Goal of the exercise: Please output the entries below exactly as they are.
Records for the exercise below:
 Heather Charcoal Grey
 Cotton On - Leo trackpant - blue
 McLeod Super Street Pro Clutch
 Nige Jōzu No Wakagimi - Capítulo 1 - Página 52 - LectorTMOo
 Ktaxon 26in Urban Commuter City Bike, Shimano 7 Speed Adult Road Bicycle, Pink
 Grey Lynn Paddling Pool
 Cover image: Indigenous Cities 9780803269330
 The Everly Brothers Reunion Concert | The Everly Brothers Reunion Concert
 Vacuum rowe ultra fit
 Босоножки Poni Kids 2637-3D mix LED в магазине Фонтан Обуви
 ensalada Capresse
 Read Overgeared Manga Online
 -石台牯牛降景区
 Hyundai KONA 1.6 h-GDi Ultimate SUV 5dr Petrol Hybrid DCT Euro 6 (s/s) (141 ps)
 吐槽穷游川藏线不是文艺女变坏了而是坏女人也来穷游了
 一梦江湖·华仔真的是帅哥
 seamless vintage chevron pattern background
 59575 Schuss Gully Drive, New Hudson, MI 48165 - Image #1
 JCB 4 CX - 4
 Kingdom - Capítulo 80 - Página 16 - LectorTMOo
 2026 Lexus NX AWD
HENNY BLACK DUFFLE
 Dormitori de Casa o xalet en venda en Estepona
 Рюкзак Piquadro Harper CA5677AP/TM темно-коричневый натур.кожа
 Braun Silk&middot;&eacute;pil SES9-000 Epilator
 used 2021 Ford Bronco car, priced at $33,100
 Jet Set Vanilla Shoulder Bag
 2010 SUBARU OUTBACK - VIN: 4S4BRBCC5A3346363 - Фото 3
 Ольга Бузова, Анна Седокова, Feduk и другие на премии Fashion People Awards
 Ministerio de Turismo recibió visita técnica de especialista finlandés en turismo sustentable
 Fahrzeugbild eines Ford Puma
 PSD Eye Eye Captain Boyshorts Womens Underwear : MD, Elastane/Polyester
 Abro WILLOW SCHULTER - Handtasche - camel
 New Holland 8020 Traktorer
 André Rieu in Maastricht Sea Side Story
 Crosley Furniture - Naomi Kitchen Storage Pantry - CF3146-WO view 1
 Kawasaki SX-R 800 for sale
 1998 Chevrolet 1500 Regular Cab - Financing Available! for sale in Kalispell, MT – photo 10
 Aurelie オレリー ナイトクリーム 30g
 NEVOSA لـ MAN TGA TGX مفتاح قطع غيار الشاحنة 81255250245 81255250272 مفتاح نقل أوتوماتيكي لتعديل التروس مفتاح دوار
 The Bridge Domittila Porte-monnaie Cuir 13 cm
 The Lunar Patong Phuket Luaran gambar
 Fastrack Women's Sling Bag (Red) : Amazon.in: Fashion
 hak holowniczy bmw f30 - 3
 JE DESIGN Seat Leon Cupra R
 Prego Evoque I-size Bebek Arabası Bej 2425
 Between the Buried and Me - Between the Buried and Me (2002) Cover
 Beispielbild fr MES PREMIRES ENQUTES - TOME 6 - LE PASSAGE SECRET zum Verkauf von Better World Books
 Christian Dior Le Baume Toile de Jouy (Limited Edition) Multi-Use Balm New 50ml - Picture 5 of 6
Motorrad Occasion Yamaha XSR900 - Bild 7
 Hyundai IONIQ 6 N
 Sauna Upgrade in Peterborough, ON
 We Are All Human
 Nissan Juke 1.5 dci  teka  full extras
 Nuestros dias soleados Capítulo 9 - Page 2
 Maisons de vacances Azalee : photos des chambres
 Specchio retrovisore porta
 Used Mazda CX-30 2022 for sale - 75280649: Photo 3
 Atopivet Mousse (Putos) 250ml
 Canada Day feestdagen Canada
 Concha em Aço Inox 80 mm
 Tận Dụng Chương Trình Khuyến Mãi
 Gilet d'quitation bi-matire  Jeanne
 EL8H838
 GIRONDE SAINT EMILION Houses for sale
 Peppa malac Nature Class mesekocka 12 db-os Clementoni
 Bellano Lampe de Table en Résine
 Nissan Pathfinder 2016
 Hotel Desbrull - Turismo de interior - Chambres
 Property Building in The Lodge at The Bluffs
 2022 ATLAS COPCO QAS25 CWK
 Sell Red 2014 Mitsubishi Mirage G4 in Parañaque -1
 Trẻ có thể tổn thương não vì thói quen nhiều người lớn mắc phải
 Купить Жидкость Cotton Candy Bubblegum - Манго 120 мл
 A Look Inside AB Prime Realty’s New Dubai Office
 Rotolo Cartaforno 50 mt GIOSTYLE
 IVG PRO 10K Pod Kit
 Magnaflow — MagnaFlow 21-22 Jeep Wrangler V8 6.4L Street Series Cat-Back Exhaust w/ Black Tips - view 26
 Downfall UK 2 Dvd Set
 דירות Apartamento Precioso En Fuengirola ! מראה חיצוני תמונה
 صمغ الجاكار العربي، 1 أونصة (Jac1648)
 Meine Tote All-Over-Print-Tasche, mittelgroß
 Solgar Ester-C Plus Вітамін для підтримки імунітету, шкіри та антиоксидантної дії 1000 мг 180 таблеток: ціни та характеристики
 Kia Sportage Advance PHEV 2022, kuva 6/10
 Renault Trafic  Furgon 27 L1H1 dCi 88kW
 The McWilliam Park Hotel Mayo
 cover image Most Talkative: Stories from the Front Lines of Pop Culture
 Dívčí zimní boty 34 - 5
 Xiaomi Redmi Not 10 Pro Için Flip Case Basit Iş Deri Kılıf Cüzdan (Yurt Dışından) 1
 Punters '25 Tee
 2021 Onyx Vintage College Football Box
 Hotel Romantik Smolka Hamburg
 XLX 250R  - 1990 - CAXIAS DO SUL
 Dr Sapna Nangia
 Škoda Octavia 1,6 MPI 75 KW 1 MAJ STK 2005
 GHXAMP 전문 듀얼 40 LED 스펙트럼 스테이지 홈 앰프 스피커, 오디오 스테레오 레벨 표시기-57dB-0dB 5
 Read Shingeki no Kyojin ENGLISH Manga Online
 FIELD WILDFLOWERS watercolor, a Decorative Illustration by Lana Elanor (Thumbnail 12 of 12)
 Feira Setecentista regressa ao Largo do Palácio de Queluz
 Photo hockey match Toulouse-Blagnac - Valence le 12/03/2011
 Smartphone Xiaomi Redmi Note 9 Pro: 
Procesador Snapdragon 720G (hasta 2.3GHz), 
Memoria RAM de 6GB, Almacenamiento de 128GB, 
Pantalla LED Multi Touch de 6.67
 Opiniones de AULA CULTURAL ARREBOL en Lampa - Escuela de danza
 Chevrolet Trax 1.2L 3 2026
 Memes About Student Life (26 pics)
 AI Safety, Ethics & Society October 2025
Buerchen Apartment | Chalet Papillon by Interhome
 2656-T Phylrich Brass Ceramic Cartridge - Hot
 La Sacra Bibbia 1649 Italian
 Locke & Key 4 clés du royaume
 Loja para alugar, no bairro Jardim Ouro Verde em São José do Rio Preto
End of Records for the exercise.
Answer space:
 Heather Charcoal Grey
 Cotton On - Leo trackpant - blue
 McLeod Super Street Pro Clutch
 Nige Jōzu No Wakagimi - Capítulo 1 - Página 52 - LectorTMOo
 Ktaxon 26in Urban Commuter City Bike, Shimano 7 Speed Adult Road Bicycle, Pink
 Grey Lynn Paddling Pool
 Cover image: Indigenous Cities 9780803269330
 The Everly Brothers Reunion Concert | The Everly Brothers Reunion Concert
 Vacuum rowe ultra fit
 Босоножки Poni Kids 2637-3D mix LED в магазине Фонтан Обуви
 ensalada Capresse
 Read Overgeared Manga Online
 -石台牯牛降景区
 Hyundai KONA 1.6 h-GDi Ultimate SUV 5dr Petrol Hybrid DCT Euro 6 (s/s) (141 ps)
 吐槽穷游川藏线不是文艺女变坏了而是坏女人也来穷游了
 一梦江湖·华仔真的是帅哥
 seamless vintage chevron pattern background
 59575 Schuss Gully Drive, New Hudson, MI 48165 - Image #1
 JCB 4 CX - 4
 Kingdom - Capítulo 80 - Página 16 - LectorTMOo
 2026 Lexus NX AWD
HENNY BLACK DUFFLE
 Dormitori de Casa o xalet en venda en Estepona
 Рюкзак Piquadro Harper CA5677AP/TM темно-коричневый натур.кожа
 Braun Silk&middot;&eacute;pil SES9-000 Epilator
 used 2021 Ford Bronco car, priced at $33,100
 Jet Set Vanilla Shoulder Bag
 2010 SUBARU OUTBACK - VIN: 4S4BRBCC5A3346363 - Фото 3
 Ольга Бузова, Анна Седокова, Feduk и другие на премии Fashion People Awards
 Ministerio de Turismo recibió visita técnica de especialista finlandés en turismo sustentable
 Fahrzeugbild eines Ford Puma
 PSD Eye Eye Captain Boyshorts Womens Underwear : MD, Elastane/Polyester
 Abro WILLOW SCHULTER - Handtasche - camel
 New Holland 8020 Traktorer
 André Rieu in Maastricht Sea Side Story
 Crosley Furniture - Naomi Kitchen Storage Pantry - CF3146-WO view 1
 Kawasaki SX-R 800 for sale
 1998 Chevrolet 1500 Regular Cab - Financing Available! for sale in Kalispell, MT – photo 10
 Aurelie オレリー ナイトクリーム 30g
 NEVOSA لـ MAN TGA TGX مفتاح قطع غيار الشاحنة 81255250245 81255250272 مفتاح نقل أوتوماتيكي لتعديل التروس مفتاح دوار
 The Bridge Domittila Porte-monnaie Cuir 13 cm
 The Lunar Patong Phuket Luaran gambar
 Fastrack Women's Sling Bag (Red) : Amazon.in: Fashion
 hak holowniczy bmw f30 - 3
 JE DESIGN Seat Leon Cupra R
 Prego Evoque I-size Bebek Arabası Bej 2425
 Between the Buried and Me - Between the Buried and Me (2002) Cover
 Beispielbild fr MES PREMIRES ENQUTES - TOME 6 - LE PASSAGE SECRET zum Verkauf von Better World Books
 Christian Dior Le Baume Toile de Jouy (Limited Edition) Multi-Use Balm New 50ml - Picture 5 of 6
Motorrad Occasion Yamaha XSR900 - Bild 7
 Hyundai IONIQ 6 N
 Sauna Upgrade in Peterborough, ON
 We Are All Human
 Nissan Juke 1.5 dci  teka  full extras
 Nuestros dias soleados Capítulo 9 - Page 2
 Maisons de vacances Azalee : photos des chambres
 Specchio retrovisore porta
 Used Mazda CX-30 2022 for sale - 75280649: Photo 3
 Atopivet Mousse (Putos) 250ml
 Canada Day feestdagen Canada
 Concha em Aço Inox 80 mm
 Tận Dụng Chương Trình Khuyến Mãi
 Gilet d'quitation bi-matire  Jeanne
 EL8H838
 GIRONDE SAINT EMILION Houses for sale
 Peppa malac Nature Class mesekocka 12 db-os Clementoni
 Bellano Lampe de Table en Résine
 Nissan Pathfinder 2016
 Hotel Desbrull - Turismo de interior - Chambres
 Property Building in The Lodge at The Bluffs
 2022 ATLAS COPCO QAS25 CWK
 Sell Red 2014 Mitsubishi Mirage G4 in Parañaque -1
 Trẻ có thể tổn thương não vì thói quen nhiều người lớn mắc phải
 Купить Жидкость Cotton Candy Bubblegum - Манго 120 мл
 A Look Inside AB Prime Realty’s New Dubai Office
 Rotolo Cartaforno 50 mt GIOSTYLE
 IVG PRO 10K Pod Kit
 Magnaflow — MagnaFlow 21-22 Jeep Wrangler V8 6.4L Street Series Cat-Back Exhaust w/ Black Tips - view 26
 Downfall UK 2 Dvd Set
 דירות Apartamento Precioso En Fuengirola ! מראה חיצוני תמונה
 صمغ الجاكار العربي، 1 أونصة (Jac1648)
 Meine Tote All-Over-Print-Tasche, mittelgroß
 Solgar Ester-C Plus Вітамін для підтримки імунітету, шкіри та антиоксидантної дії 1000 мг 180 таблеток: ціни та характеристики
 Kia Sportage Advance PHEV 2022, kuva 6/10
 Renault Trafic  Furgon 27 L1H1 dCi 88kW
 The McWilliam Park Hotel Mayo
 cover image Most Talkative: Stories from the Front Lines of Pop Culture
 Dívčí zimní boty 34 - 5
 Xiaomi Redmi Not 10 Pro Için Flip Case Basit Iş Deri Kılıf Cüzdan (Yurt Dışından) 1
 Punters '25 Tee
 2021 Onyx Vintage College Football Box
 Hotel Romantik Smolka Hamburg
 XLX 250R  - 1990 - CAXIAS DO SUL
 Dr Sapna Nangia
 Škoda Octavia 1,6 MPI 75 KW 1 MAJ STK 2005
 GHXAMP 전문 듀얼 40 LED 스펙트럼 스테이지 홈 앰프 스피커, 오디오 스테레오 레벨 표시기-57dB-0dB 5
 Read Shingeki no Kyojin ENGLISH Manga Online
 FIELD WILDFLOWERS watercolor, a Decorative Illustration by Lana Elanor (Thumbnail 12 of 12)
 Feira Setecentista regressa ao Largo do Palácio de Queluz
 Photo hockey match Toulouse-Blagnac - Valence le 12/03/2011
 Smartphone Xiaomi Redmi Note 9 Pro: 
Procesador Snapdragon 720G (hasta 2.3GHz), 
Memoria RAM de 6GB, Almacenamiento de 128GB, 
Pantalla LED Multi Touch de 6.67
 Opiniones de AULA CULTURAL ARREBOL en Lampa - Escuela de danza
 Chevrolet Trax 1.2L 3 2026
 Memes About Student Life (26 pics)
 AI Safety, Ethics & Society October 2025
Buerchen Apartment | Chalet Papillon by Interhome
 2656-T Phylrich Brass Ceramic Cartridge - Hot
 La Sacra Bibbia 1649 Italian
 Locke & Key 4 clés du royaume
 Loja para alugar, no bairro Jardim Ouro Verde em São José do Rio Preto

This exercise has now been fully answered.